MacDownApp / macdown

Open source Markdown editor for macOS.
https://macdown.uranusjr.com/
9.45k stars 1.09k forks source link

Can't open UTF-16 files with BOM #523

Open Jmuccigr opened 8 years ago

Jmuccigr commented 8 years ago

Working with a new iPad and an app that defaults to saving files as UTF-16. MacDown wouldn't open one of these files, so I played around a little with the various UTF formats using BBEdit to create and save them. Here's what I found out:

MacDown can open (as reported by the bash file command):

Can't open:

In other words, it looks like the presence of a BOM prevents MacDown from opening a UTF-16 file.

This seems like a bug.

PS MacDown seems to strip the BOM when saving UTF-8 files that have them. It also seems to mess up UTF-16 files when saving them, at least when looked at with BBEdit or pico.

JanX2 commented 8 years ago

@Jmuccigr UTF-8 is the canonical encoding for Markdown. While IMHO this should be resolved, please also tell the app developer to fix their app. :)

Jmuccigr commented 8 years ago

Well, the other app is for generic text files, so I'll cut them some slack. :-) That said, I agree with you. UTF-8 is just a better choice.

For MacDown, really I don't mind if it converts everything to UTF-8 w/o BOM, but I think it should be able to open UTF-16 files and save them correctly, if it's not converting them.

Jmuccigr commented 8 years ago

Any thoughts on this, @uranusjr?

uranusjr commented 8 years ago

There are a lot of internals assuming UTF-8, and supporting UTF-16 for all of them could take a lot of work. But it is not impossible, and a good editor should support multiple encodings anyway.

The main problem (functionality-wise) would be to pick an encoding to use when a file is opened. Objective-C lacks a native encoding-detection API prior to 10.10[1], and baking one on our own would probably be too much work.
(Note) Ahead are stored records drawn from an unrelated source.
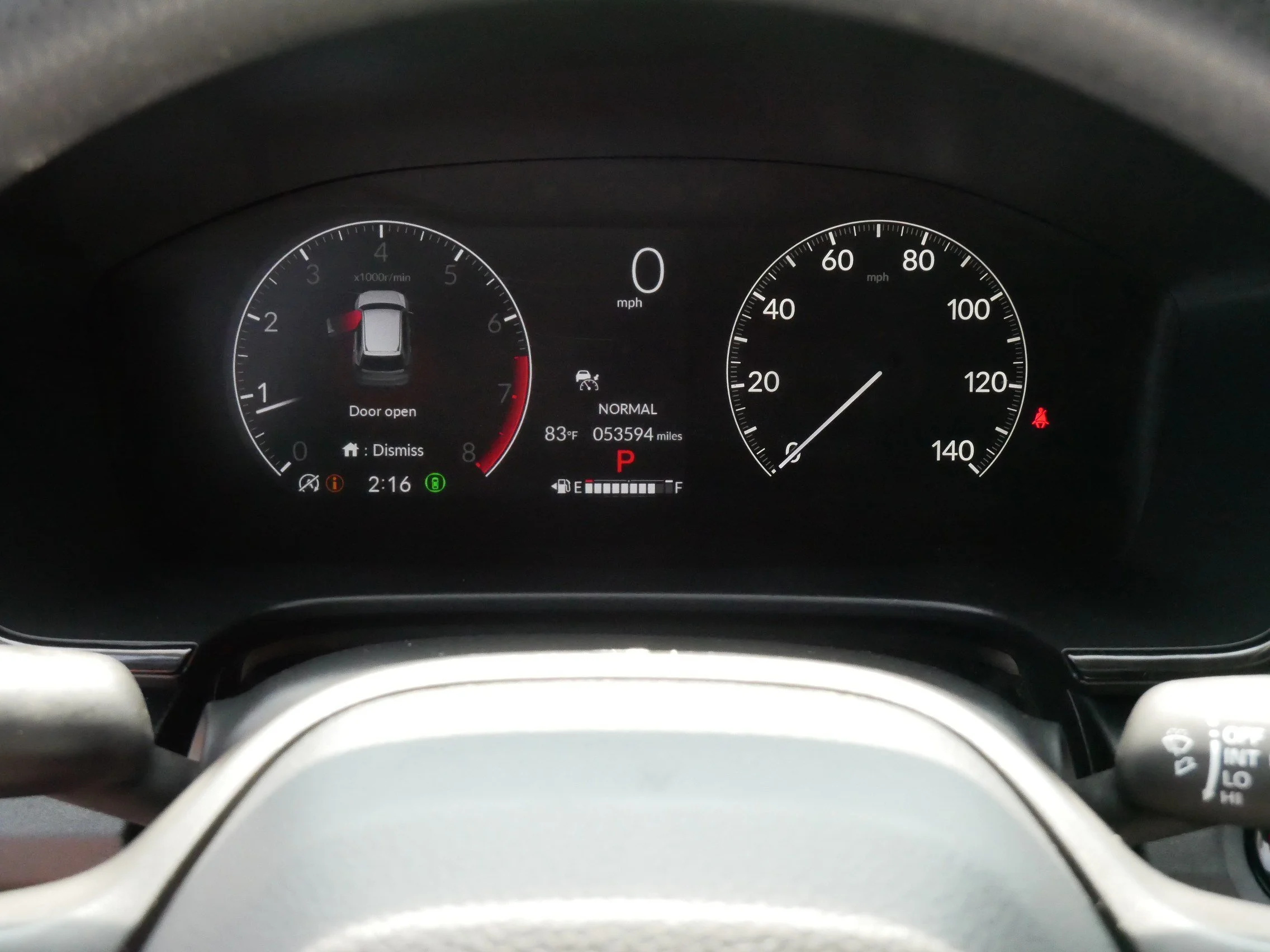 Used 2026 Platinum White Pearl Honda EX image 21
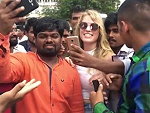 Blonde Girl In India Fucking Hell
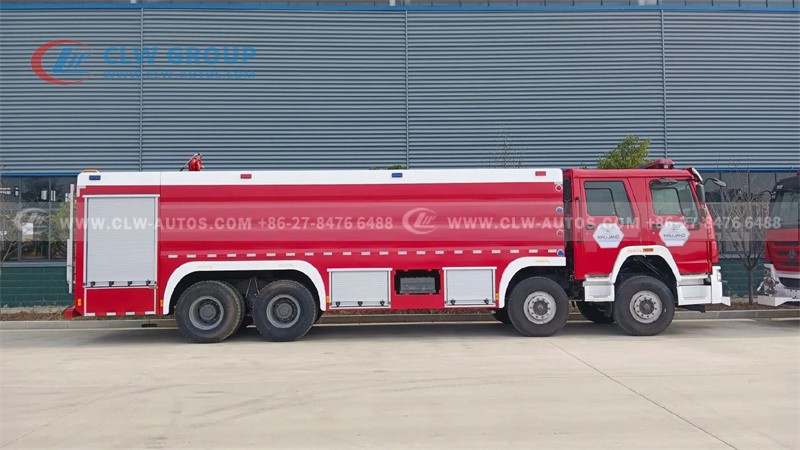 Fire apparatus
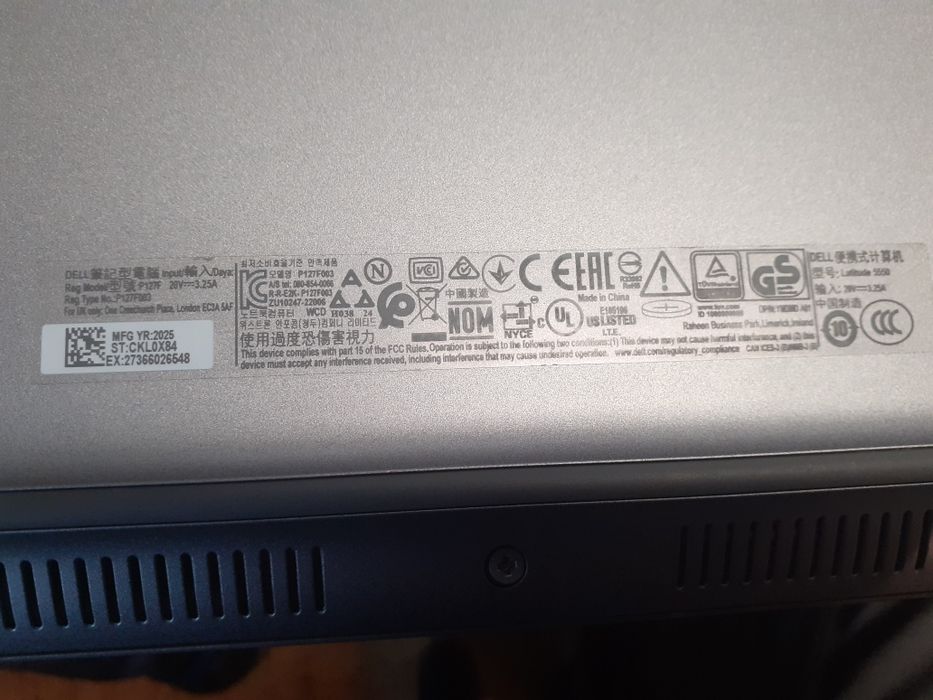 Dell Latitude 5550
Would it be OK if we just always assume UTF-8 when opening a file, and offer a “Reload with Encoding” option after the file is opened?
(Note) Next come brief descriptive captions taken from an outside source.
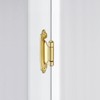 Home Expert 20 Pack (10 Pairs) Gold Cabinet Hinges for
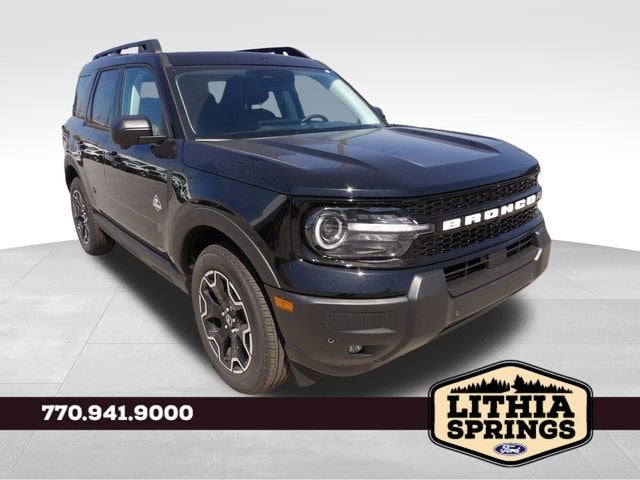2025 Ford Bronco Sport Outer Banks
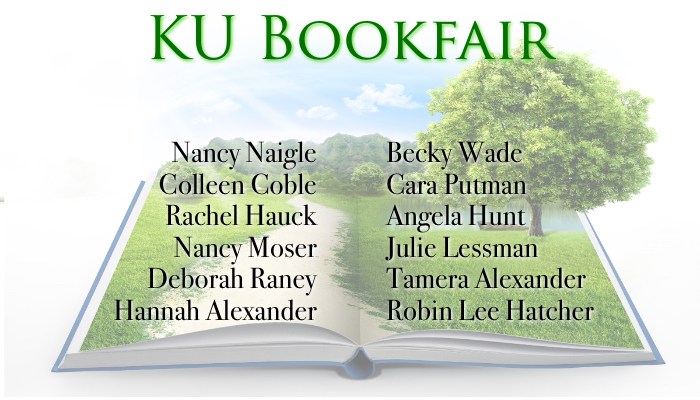 KU Bookfair authors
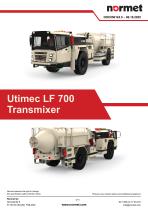 Utimec LF 700 Transmixer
[1] https://developer.apple.com/library/mac/documentation/Cocoa/Reference/Foundation/Classes/NSString_Class/index.html#//apple_ref/occ/clm/NSString/stringEncodingForData:encodingOptions:convertedString:usedLossyConversion:

Jmuccigr commented 8 years ago

Again, I don't mind if MacDown converts to UTF-8, so long as it opens the UTF-16 file.
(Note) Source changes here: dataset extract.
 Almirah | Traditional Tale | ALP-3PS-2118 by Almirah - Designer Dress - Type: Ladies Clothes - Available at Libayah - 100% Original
JanX2 commented 8 years ago

@uranusjr This is the encoding detection I have been using for years: https://github.com/JanX2/UniversalDetector It is excellent. The only thing it has problems with is detecting Mac Roman. Luckily, I have never seen a Markdown file using that encoding. ;)

uranusjr commented 8 years ago

@JanX2 Wow that’s cool. I’ve always known about UniversalDetector and its C++ ports, but wasn’t aware of such a ready-made framework. This will make things easy. I’ll probably put together something in the coming week.